▼▼▼
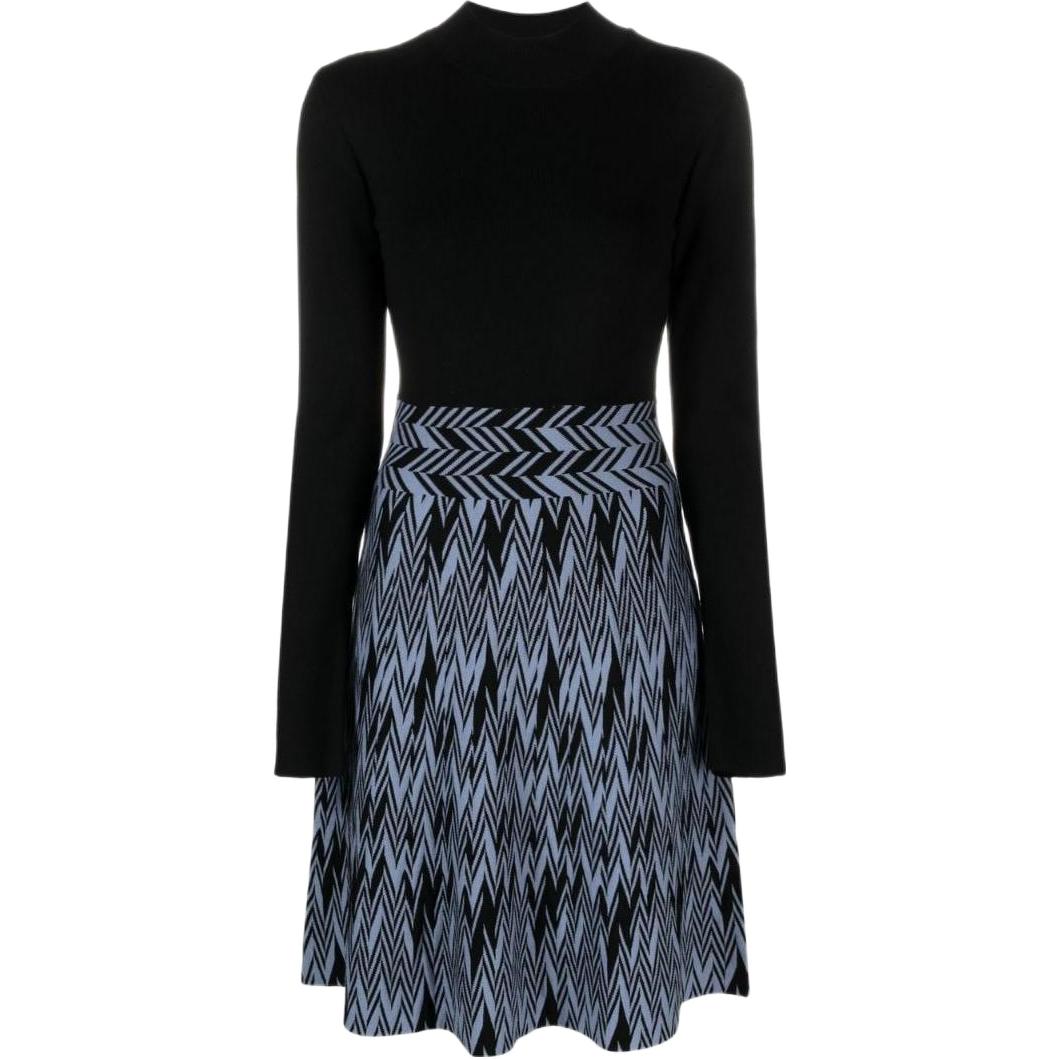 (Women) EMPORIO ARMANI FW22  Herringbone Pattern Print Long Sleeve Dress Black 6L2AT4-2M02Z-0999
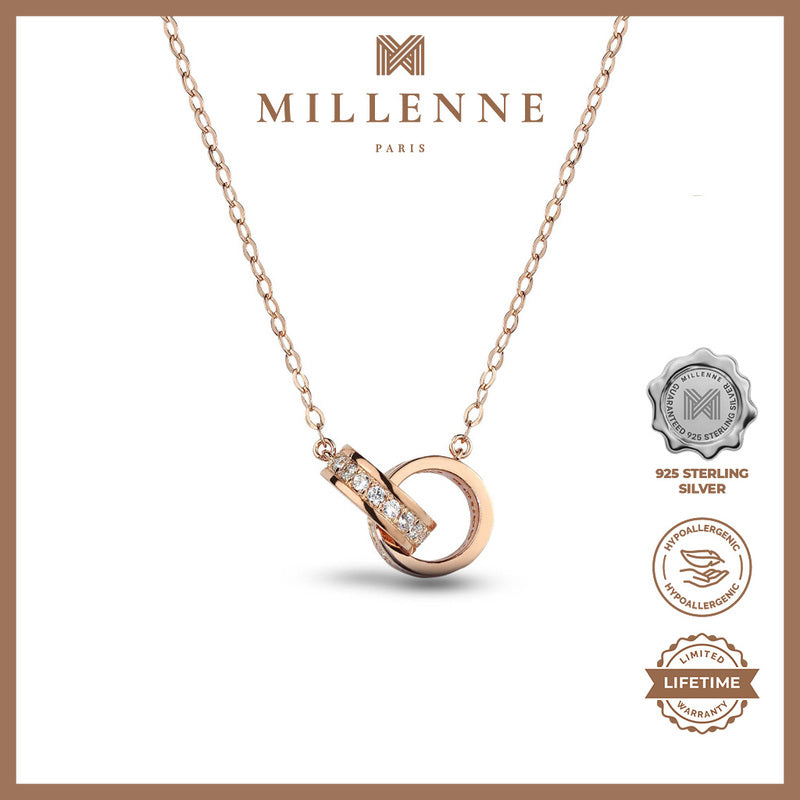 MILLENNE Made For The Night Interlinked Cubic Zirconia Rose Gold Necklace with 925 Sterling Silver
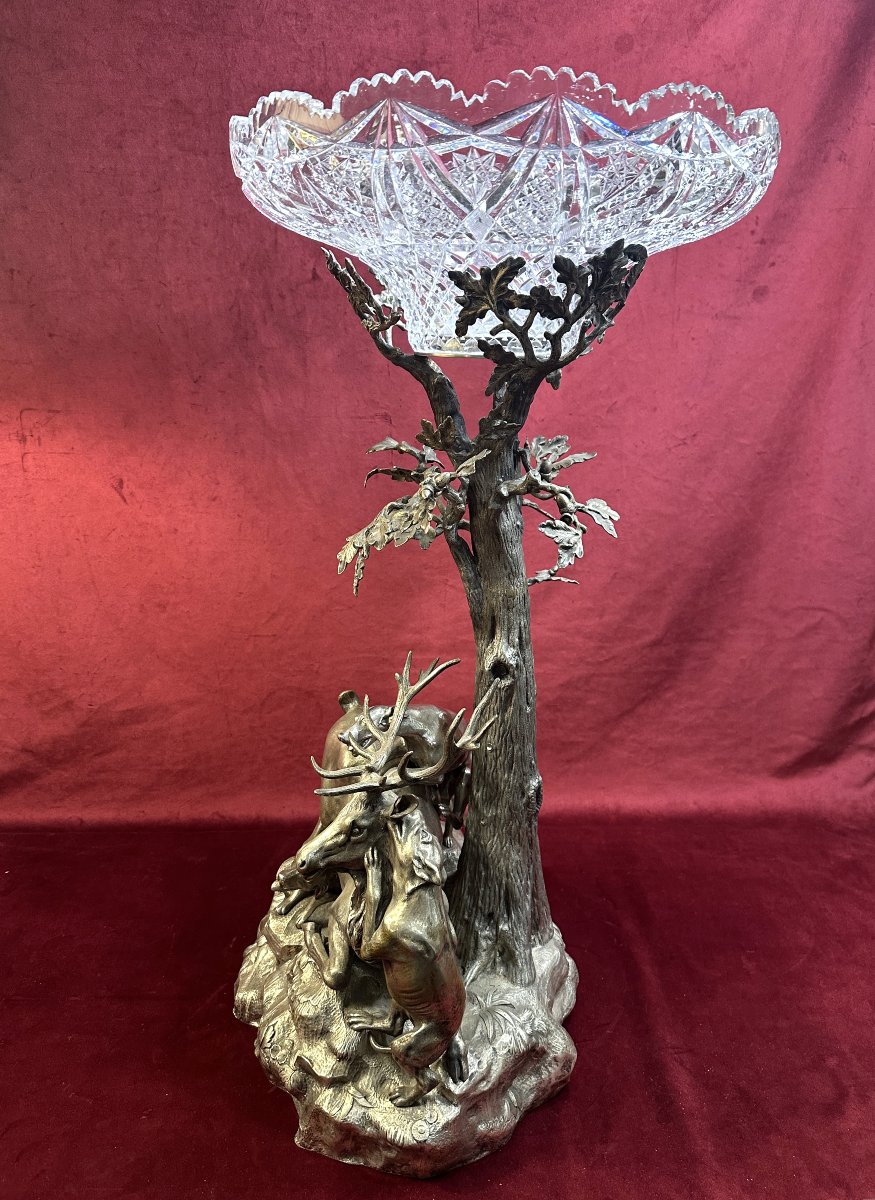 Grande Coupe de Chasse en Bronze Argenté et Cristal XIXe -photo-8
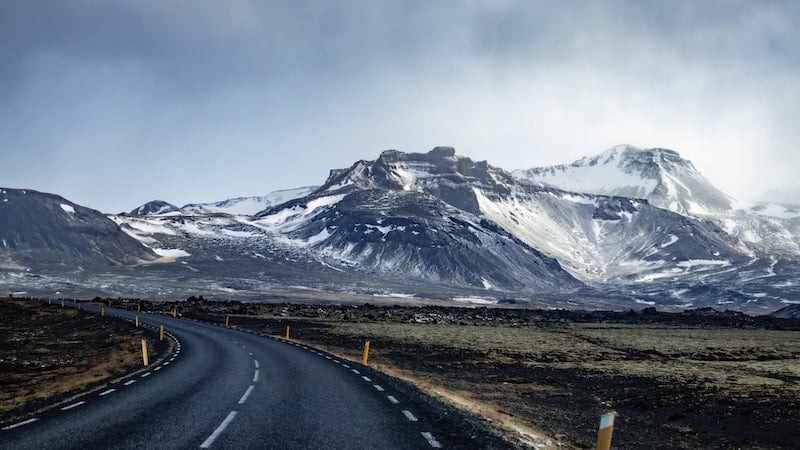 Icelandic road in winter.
▲▲▲
▼▼▼
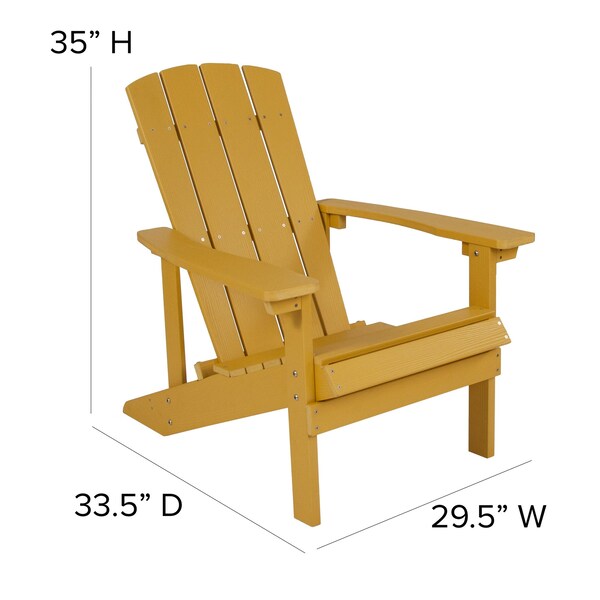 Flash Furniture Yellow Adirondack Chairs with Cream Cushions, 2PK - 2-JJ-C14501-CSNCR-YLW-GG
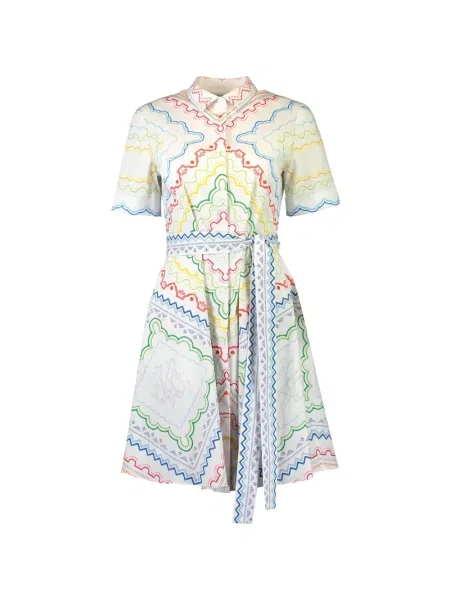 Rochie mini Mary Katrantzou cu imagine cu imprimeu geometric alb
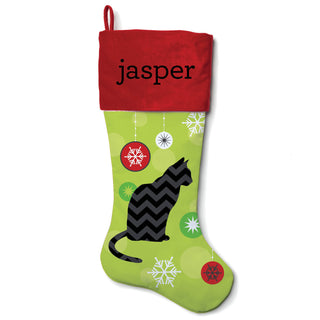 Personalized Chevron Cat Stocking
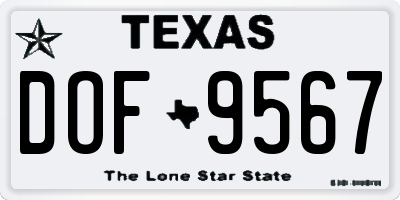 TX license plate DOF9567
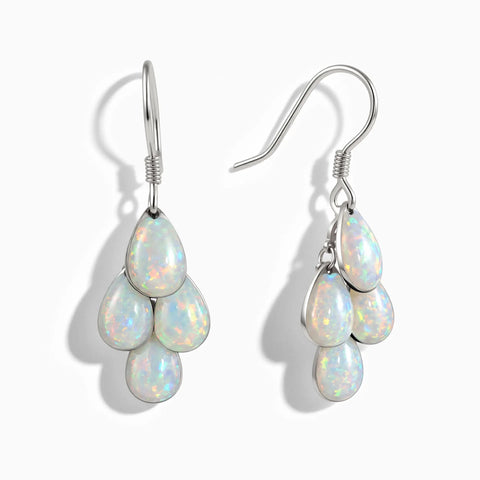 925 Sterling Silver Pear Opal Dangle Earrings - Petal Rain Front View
▲▲▲
▼▼▼
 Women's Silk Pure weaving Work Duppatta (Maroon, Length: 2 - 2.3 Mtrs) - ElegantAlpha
▲▲▲
What the task requires
Out of the records above, set down only the lines from the one that contains "(Women) EMPORIO ARMANI" through the one that contains "Icelandic road in winter.", unchanged and without the pictures.

Final answer
 (Women) EMPORIO ARMANI FW22  Herringbone Pattern Print Long Sleeve Dress Black 6L2AT4-2M02Z-0999
 MILLENNE Made For The Night Interlinked Cubic Zirconia Rose Gold Necklace with 925 Sterling Silver
 Grande Coupe de Chasse en Bronze Argenté et Cristal XIXe -photo-8
 Icelandic road in winter.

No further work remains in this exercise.